Virat Kohli will be rested for the upcoming ODI series against Sri Lanka and with good reason.
The Indian captain is having an unprecedented year and has scored ten centuries. But the high level of constant cricket comes at a cost.
Since his international debut in 2008, Kohli has played 32 international matches a year across all formats. MS Dhoni played 34 matches a year on average.
Compared to their predecessors like Sunil Gavaskar and Sachin Tendulkar, both of whom played 13 and 26 matches a year respectively, today’s Indian players feature in more games.
The uptick in part is due to the frequency of limited overs cricket. Admittedly, the T20 format is not as taxing as the others, but it’s still an extra match that today’s players participate in.
The most punishing part of an Indian cricketer’s calendar is the two month-long Indian Premiere League. It’s hard to pass-up the financially lucrative tournament for any player, but it could come at the cost of a player’s physicality.
On average, players like Kohli and Dhoni play between 15-20 matches during the IPL and often end-up in the business end of the tournament. It accounts for nearly a quarter of all their matches in a calendar year.
Including the IPL season, Kohli plays about 45 matches a year on average, and this year he’s already played 55.

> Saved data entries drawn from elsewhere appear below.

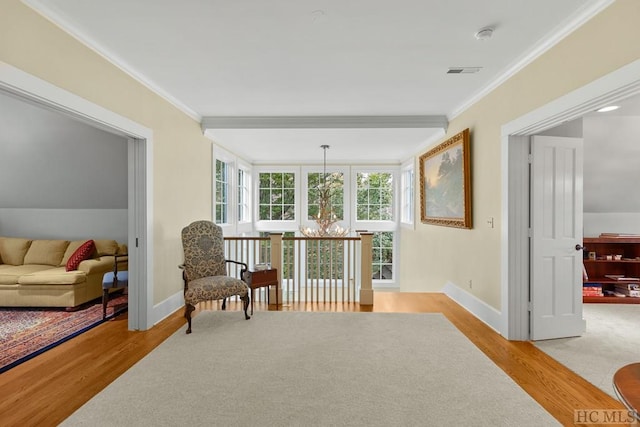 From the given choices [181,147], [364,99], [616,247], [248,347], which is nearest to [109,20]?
[181,147]

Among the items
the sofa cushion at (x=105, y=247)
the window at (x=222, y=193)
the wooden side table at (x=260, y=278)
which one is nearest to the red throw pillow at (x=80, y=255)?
the sofa cushion at (x=105, y=247)

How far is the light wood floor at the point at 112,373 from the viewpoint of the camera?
2170 millimetres

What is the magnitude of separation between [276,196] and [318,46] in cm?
563

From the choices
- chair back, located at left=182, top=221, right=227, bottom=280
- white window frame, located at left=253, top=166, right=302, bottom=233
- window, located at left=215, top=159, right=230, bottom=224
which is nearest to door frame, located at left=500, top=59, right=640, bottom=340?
chair back, located at left=182, top=221, right=227, bottom=280

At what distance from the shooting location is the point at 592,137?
4398mm

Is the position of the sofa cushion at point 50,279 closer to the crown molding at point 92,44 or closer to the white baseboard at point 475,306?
the crown molding at point 92,44

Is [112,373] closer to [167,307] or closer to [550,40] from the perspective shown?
[167,307]

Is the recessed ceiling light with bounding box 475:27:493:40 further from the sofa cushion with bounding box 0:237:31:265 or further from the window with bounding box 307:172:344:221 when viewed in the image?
the sofa cushion with bounding box 0:237:31:265

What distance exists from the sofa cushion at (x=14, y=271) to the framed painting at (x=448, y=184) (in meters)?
6.09

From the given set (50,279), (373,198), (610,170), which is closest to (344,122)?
(373,198)

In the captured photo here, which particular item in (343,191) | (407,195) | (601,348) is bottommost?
(601,348)

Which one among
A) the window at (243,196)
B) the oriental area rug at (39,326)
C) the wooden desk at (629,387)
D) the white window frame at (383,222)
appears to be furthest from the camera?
the white window frame at (383,222)

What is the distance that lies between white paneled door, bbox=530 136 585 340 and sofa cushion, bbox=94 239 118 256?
5901 mm

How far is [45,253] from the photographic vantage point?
201 inches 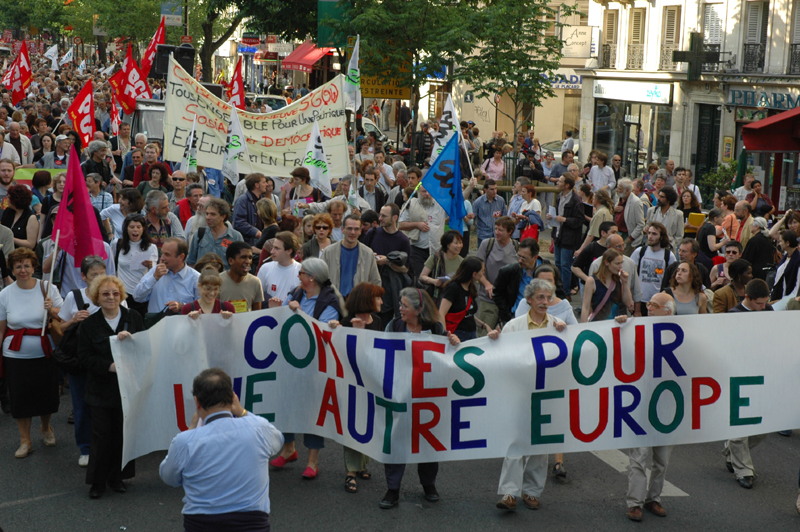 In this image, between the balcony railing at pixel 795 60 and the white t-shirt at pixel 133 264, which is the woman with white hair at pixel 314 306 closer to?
the white t-shirt at pixel 133 264

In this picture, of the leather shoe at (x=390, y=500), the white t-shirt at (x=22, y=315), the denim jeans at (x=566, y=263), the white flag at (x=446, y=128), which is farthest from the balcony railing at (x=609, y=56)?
the leather shoe at (x=390, y=500)

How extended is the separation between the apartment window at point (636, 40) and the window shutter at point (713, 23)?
130 inches

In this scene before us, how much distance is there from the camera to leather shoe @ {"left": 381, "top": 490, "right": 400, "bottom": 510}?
6.43 meters

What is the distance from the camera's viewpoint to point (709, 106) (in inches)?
1117

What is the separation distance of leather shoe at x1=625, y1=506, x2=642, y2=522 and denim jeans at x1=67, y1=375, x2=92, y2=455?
3840mm

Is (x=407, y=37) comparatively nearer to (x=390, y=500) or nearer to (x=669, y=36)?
(x=669, y=36)

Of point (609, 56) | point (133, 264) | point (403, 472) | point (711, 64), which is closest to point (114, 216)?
point (133, 264)

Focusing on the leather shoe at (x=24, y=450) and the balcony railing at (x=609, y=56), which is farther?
the balcony railing at (x=609, y=56)

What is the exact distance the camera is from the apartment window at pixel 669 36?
98.4ft

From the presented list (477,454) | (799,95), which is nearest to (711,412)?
(477,454)

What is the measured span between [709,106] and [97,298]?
25150 millimetres

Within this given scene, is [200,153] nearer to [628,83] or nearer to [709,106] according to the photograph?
[709,106]

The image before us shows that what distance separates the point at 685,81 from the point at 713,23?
187cm

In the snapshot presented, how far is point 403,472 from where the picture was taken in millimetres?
6578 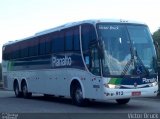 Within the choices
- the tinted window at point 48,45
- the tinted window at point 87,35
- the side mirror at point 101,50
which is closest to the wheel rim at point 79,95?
the tinted window at point 87,35

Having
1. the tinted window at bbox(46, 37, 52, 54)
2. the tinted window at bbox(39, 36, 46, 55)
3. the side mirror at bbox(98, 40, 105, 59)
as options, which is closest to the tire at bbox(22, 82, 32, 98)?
the tinted window at bbox(39, 36, 46, 55)

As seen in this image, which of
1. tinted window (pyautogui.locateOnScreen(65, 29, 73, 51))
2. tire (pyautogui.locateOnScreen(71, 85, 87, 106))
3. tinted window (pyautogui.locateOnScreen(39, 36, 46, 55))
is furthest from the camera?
tinted window (pyautogui.locateOnScreen(39, 36, 46, 55))

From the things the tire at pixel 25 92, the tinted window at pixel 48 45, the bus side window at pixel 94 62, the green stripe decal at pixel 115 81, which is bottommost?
the tire at pixel 25 92

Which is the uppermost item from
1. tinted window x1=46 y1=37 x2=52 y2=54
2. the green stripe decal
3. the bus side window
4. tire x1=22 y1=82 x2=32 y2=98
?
tinted window x1=46 y1=37 x2=52 y2=54

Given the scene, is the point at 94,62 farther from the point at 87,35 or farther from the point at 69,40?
the point at 69,40

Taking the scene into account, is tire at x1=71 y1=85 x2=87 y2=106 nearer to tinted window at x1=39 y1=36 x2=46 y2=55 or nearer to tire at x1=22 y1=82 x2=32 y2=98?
tinted window at x1=39 y1=36 x2=46 y2=55

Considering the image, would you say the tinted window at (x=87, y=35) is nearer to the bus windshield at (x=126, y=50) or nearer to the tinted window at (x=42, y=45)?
the bus windshield at (x=126, y=50)

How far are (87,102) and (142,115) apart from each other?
176 inches

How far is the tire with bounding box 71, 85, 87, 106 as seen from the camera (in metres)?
17.8

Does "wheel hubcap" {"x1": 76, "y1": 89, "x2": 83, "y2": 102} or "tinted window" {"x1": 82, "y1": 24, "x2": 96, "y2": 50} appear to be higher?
"tinted window" {"x1": 82, "y1": 24, "x2": 96, "y2": 50}

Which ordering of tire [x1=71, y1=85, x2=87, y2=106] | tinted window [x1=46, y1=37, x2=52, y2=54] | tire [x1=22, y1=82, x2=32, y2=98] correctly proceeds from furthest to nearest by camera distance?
tire [x1=22, y1=82, x2=32, y2=98], tinted window [x1=46, y1=37, x2=52, y2=54], tire [x1=71, y1=85, x2=87, y2=106]

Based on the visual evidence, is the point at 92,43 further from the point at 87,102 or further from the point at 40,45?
the point at 40,45

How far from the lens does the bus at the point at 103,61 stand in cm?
1608

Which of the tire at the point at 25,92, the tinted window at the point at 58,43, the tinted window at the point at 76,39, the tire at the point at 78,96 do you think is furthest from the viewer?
the tire at the point at 25,92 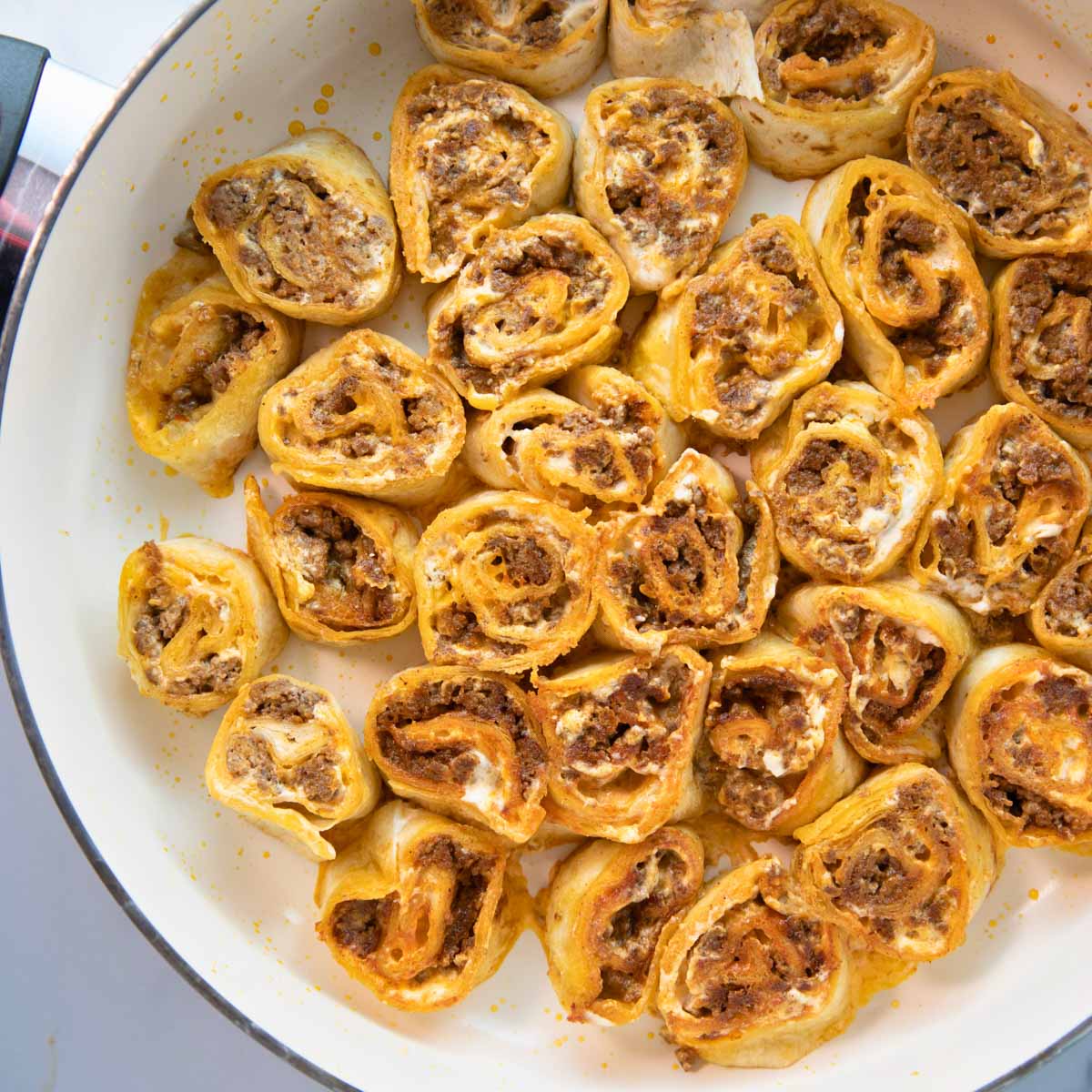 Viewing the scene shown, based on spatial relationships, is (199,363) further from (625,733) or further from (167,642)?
(625,733)

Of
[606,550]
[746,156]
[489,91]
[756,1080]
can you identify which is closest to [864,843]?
[756,1080]

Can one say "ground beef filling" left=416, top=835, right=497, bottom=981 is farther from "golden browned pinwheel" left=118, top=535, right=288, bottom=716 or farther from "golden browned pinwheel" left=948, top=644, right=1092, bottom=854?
"golden browned pinwheel" left=948, top=644, right=1092, bottom=854

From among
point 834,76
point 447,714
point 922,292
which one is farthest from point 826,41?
point 447,714

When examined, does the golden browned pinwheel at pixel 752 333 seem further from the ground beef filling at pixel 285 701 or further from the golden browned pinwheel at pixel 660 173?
the ground beef filling at pixel 285 701

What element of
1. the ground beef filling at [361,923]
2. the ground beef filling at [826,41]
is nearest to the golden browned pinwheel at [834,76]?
the ground beef filling at [826,41]

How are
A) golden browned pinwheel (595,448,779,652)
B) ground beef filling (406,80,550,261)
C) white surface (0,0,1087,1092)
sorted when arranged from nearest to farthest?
golden browned pinwheel (595,448,779,652)
ground beef filling (406,80,550,261)
white surface (0,0,1087,1092)

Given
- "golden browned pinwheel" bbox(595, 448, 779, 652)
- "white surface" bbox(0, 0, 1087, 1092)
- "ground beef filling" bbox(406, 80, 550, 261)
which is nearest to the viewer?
"golden browned pinwheel" bbox(595, 448, 779, 652)

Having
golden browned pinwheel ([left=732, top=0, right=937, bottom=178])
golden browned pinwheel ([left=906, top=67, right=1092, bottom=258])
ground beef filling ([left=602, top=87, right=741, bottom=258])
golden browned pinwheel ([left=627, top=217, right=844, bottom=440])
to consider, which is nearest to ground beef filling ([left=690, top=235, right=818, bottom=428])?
golden browned pinwheel ([left=627, top=217, right=844, bottom=440]) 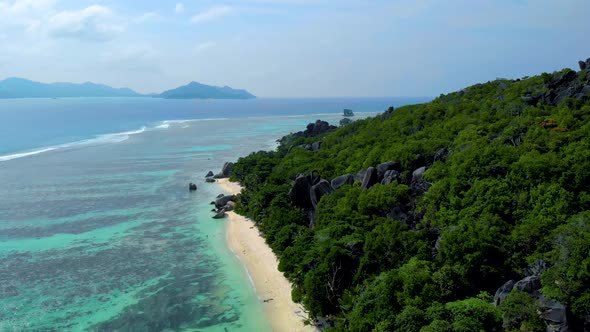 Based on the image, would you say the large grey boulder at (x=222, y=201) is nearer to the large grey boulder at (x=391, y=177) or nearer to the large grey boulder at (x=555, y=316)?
the large grey boulder at (x=391, y=177)

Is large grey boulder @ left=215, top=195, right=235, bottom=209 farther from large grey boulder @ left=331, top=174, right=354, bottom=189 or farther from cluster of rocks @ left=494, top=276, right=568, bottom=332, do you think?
cluster of rocks @ left=494, top=276, right=568, bottom=332

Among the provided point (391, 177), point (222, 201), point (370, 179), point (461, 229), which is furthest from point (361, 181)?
point (222, 201)

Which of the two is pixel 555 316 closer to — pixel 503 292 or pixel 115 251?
pixel 503 292

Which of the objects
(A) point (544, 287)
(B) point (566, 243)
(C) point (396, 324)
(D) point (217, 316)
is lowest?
(D) point (217, 316)

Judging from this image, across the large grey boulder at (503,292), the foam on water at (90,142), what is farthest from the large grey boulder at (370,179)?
the foam on water at (90,142)

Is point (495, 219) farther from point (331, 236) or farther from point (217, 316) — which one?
point (217, 316)

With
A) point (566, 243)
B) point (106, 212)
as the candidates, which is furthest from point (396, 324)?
point (106, 212)

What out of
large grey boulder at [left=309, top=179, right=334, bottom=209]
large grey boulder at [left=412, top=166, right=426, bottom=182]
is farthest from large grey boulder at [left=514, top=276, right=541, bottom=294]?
large grey boulder at [left=309, top=179, right=334, bottom=209] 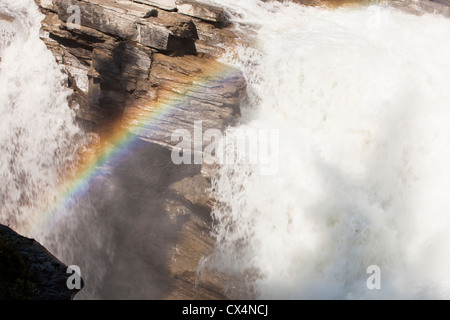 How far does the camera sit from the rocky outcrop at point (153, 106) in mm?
7625

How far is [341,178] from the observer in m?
7.25

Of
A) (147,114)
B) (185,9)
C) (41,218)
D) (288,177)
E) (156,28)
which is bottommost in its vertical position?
(41,218)

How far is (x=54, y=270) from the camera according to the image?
459 centimetres

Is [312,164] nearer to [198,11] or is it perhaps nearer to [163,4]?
[198,11]

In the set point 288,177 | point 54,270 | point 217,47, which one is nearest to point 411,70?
point 288,177

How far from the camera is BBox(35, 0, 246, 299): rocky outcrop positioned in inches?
300

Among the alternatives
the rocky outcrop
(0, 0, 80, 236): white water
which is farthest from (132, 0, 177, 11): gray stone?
(0, 0, 80, 236): white water

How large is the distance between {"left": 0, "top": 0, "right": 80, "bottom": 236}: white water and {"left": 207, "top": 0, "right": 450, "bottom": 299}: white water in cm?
385

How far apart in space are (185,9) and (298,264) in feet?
18.5

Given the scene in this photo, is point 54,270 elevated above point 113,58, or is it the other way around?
point 113,58

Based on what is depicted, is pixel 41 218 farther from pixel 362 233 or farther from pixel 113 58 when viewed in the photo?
pixel 362 233

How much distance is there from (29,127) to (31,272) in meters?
5.03

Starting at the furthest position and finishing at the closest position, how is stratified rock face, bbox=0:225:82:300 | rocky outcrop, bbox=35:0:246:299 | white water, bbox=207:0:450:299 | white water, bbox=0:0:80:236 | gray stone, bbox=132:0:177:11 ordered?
1. white water, bbox=0:0:80:236
2. gray stone, bbox=132:0:177:11
3. rocky outcrop, bbox=35:0:246:299
4. white water, bbox=207:0:450:299
5. stratified rock face, bbox=0:225:82:300

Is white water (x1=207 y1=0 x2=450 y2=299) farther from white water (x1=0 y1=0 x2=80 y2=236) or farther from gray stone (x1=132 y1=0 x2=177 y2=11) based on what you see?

This year is perhaps Kohli’s most taxing as Indian captain with 45 international appearances which included ten Test matches.
His Test match schedule is ordinary for a player consistently in the Indian squad, but as the hardest format, his commitment to the shorter formats could pose problems for the longer one. For the moment, they have not but it doesn’t mean it will be long before he will have to choose.
By and large, most athletes go through one major injury during their careers. Kohli has been fortunate in this instance, in part due to his relentless pursuit of being the fittest cricketer on the field but then they said the same thing about Novak Djokovic before injury stopped him in his stride.
No cricketer in the world plays as much and Kohli has the added burden of the Indian captaincy. The physical and mental taxation of the job is unparalleled and to date, which Kohli has handled it deftly. But even his body has its limits.
The longevity of Kohli’s career won’t depend on just his ability to score back-to-back centuries, but his choices to take breaks from the game without the fear of retribution from broadcasters and selectors. He should, indeed, take a leaf out of Roger Federer’s book. The greatest tennis player in history knows the importance of rest and recovery and we could all see what that did for him in 2017.